Single by Joe Nichols
- Released: June 6, 2016
- Genre: Country
- Length: 3:21
- Label: Red Bow
- Songwriters: Ross Copperman; Josh Osborne; Trevor Rosen;
- Producer: Mickey Jack Cones

Joe Nichols singles chronology
| "Freaks Like Me" (2015) | "Undone" (2016) | "Never Gets Old" (2017) |

= Undone (Joe Nichols song) =

"Undone" is a song recorded by American country music artist Joe Nichols. It was released digitally on May 13, 2016, and to radio on June 6, 2016, as his fifth single for Red Bow Records. The song was co-written by Ross Copperman, Josh Osborne, and Trevor Rosen.

The song was intended for a then-unannounced upcoming album, which was intended for late 2016, but the album was never released. In 2017, it was not featured on his eventual ninth album, Never Gets Old.

==History==
The song was co-written by Ross Copperman, Josh Osborne, and Trevor Rosen, and was produced by Mickey Jack Cones, the producer for Nichols two previous number one hits, "Yeah" and "Sunny and 75". The song was released digitally on May 13, 2016, and to radio on June 6, 2016.

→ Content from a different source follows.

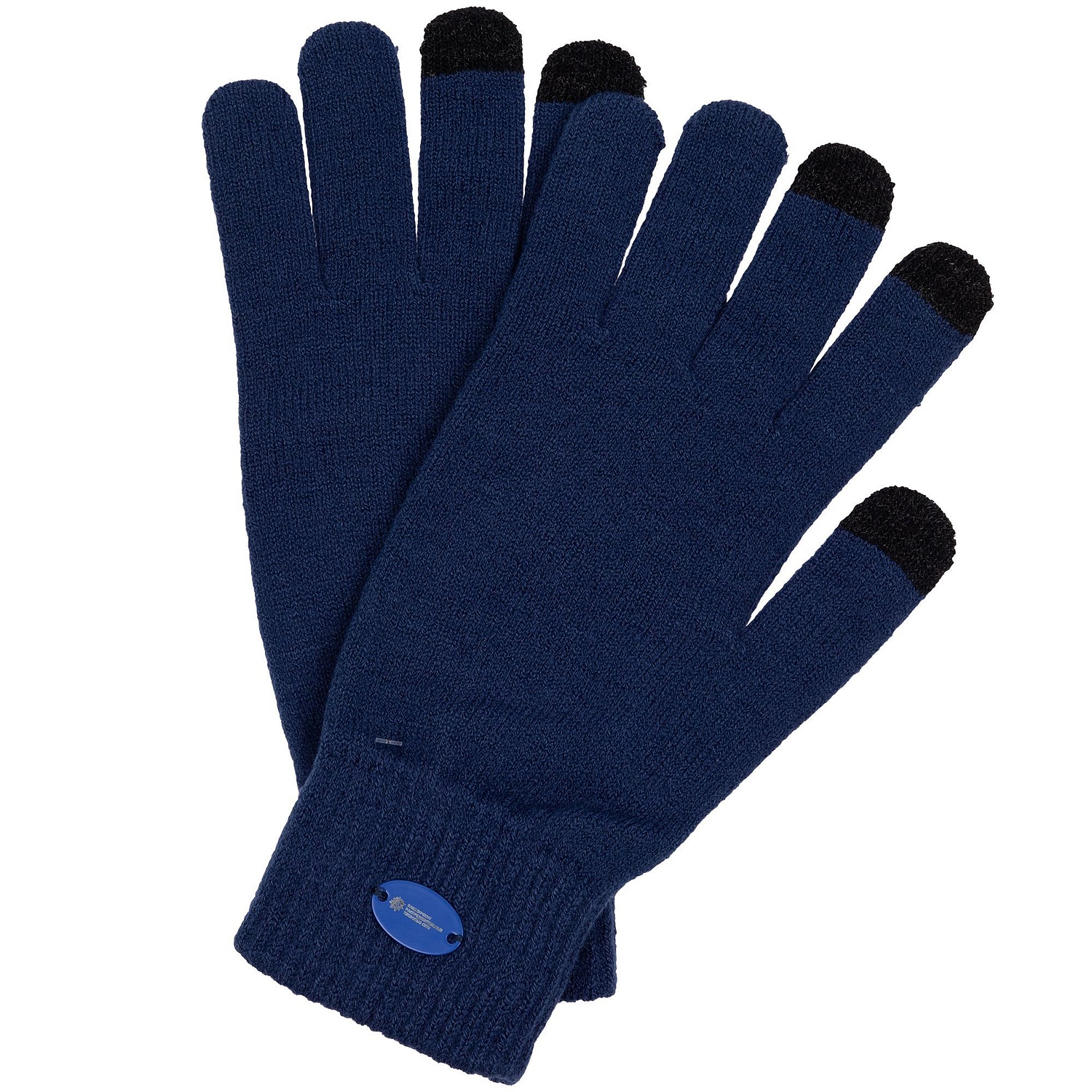 Шильдик металлический Alfa Oval, синий с логотипом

The song, alongside 2015's "Freaks Like Me", was meant to be included on the follow-up to 2013's Crickets, a then-unannounced album intended for late 2016, but the album was never released. Instead, Nichols released Never Gets Old in 2017, which did not include "Freaks Like Me" or "Undone" due to the singles' poor performance.

Nichols released the lyric video alongside the song's debut on country radio in June 2016.

==Content==
The song served as a "steamy change of pace" compared to Nichols' previous release, "Freaks Like Me". The song was to appeal to his upcoming album's "sexy side."

Nichols described the song and working with producer Cones, "He has done a great job capturing the song's energy and its intensity. It is a ballad, but it feels like it wants to take off. The message is a little suggestive..."

==Critical reception==
Upon hitting country radio, "Undone" was among the top three most-added songs on US country radio with 30 first-week stations.

Digital Journal's Markos Papadatos gave the song five out of five stars, claiming that "it is certain to fare well in a live setting with his fans, especially his female fan-base."

==Chart performance==
The song has peaked at 42 on the Country Airplay chart, his second consecutive single to miss the top 40.